The class must learn to support one another. This game involves everyone working together.
- Make a giant circle.
- Move in closer until you are shoulder to shoulder.
- Everyone turn to the right.
- Now, GENTLY sit down.
- You should all be supporting one another to sit.
I’m sure you have heard of this one before. But ordering is a great way to get your students to learn “body language.” The main rule in ordering is there is not talking. The rest is up to them.
- Pick a topic. Order by birthday, alphabetically, how many pets you have.
- Go – Students order themselves based on your instructions.
- Once ordered, have them answer the question (what’s your birthday, what does your name start with, etc.) to check how accurate they were in ordering.
Peanut Butter Pit
The goal of this one is for the entire class to get across the “peanut butter pit” without falling in and only with the given materials. (Hint: Someone is going to have to go back each time to get the rest).
- Give the class 4 boards.
- Put everyone on one side of the classroom (if it’s nice you can always try outside).
- Then have them figure out how to get everyone across.
- Rule: You cannot throw the boards. The only way to move them is to HAND them to another person.
- If someone falls off, they have to go back to the start side (just that person, not the entire group.)
This is a really good way to assess if students know your expectations. This is a great game to play after the first week of school or throughout the year to review your procedures and expectations. (You can get charade FREEBIES in this article: 4 Fun Ways to Ensure Your Expectations are Met).
- Divide the class into groups of 3-4 students.
- Handout a charade card for each round.
- The groups act out the procedure. (They get 10 secs to plan before “performing.”)
4 Corners of Fear
I think almost everyone knows how to play 4 corners.
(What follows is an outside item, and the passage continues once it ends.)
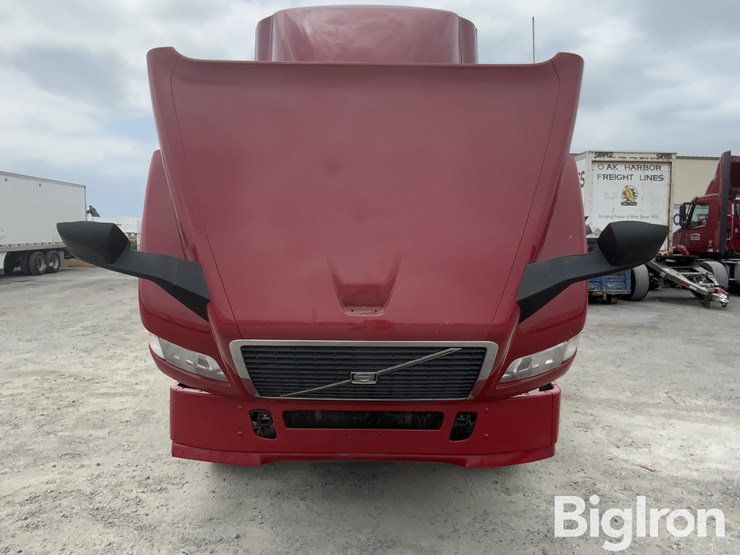 2017-volvo-vnm42t-truck-tractor-image-9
This time, take away the “guesser” and get an idea of how your students feel.
- Label the corners 1-4. 1 is not at all. 2 is kind of. 3 I am fearful. 4 -Terrified.
- Call out situations and have the students go to that corner. This is a good way to let students know they aren’t alone in their fears.
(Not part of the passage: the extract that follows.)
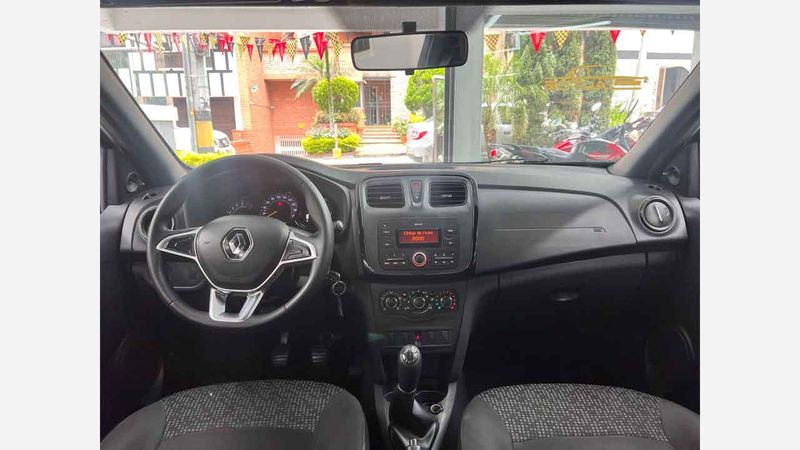 Renault-Logan-2023-4x2-Gris-2084581950-06_20250612004059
- Examples of fears: sharks, the dark, spiders, math tests, cold, scary movies, reading in front of a group, being in a talent show, etc.)
4 Corners of Love
Just like 4 Corners of Fear but change all topics to things you love. Examples – horses, dogs, writing, math, singing, sports, etc.
Create a small bulletin board or graffiti wall where kids can write compliments. Encourage them to focus on the inside. What attributes are really at the core of someone.